## EXERCISE:
In the entries that follow, find the word "Pink" and report each line it is on.

(RECORDED INFORMATION begins)

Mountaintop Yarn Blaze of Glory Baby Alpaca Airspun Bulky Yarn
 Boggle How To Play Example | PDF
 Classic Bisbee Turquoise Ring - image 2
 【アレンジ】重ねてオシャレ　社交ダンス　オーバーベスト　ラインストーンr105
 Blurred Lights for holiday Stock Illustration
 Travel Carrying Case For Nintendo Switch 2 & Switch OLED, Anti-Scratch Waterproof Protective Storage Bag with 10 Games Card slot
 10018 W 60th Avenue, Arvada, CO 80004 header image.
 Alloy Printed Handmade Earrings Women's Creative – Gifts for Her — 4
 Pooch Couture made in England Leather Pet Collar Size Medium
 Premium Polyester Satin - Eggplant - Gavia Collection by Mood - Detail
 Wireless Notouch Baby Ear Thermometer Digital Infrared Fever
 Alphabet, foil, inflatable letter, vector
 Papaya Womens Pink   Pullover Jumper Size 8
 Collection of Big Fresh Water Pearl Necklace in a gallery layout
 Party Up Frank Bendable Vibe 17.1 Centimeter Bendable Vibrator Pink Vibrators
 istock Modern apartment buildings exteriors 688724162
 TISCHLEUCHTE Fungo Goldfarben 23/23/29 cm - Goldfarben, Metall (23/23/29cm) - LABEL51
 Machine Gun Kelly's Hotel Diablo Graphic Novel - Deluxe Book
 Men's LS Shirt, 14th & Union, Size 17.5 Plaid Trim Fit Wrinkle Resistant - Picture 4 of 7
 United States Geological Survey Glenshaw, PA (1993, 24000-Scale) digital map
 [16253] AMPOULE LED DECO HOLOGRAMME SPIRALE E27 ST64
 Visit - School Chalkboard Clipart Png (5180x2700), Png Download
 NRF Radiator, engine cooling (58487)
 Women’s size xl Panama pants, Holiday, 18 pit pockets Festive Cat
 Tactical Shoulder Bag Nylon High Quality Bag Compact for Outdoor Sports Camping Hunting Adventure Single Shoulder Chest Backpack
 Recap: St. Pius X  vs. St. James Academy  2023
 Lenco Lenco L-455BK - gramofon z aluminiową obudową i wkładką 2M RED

(RECORDED INFORMATION ends)

## RESPONSE AREA:
 Papaya Womens Pink   Pullover Jumper Size 8
 Party Up Frank Bendable Vibe 17.1 Centimeter Bendable Vibrator Pink Vibrators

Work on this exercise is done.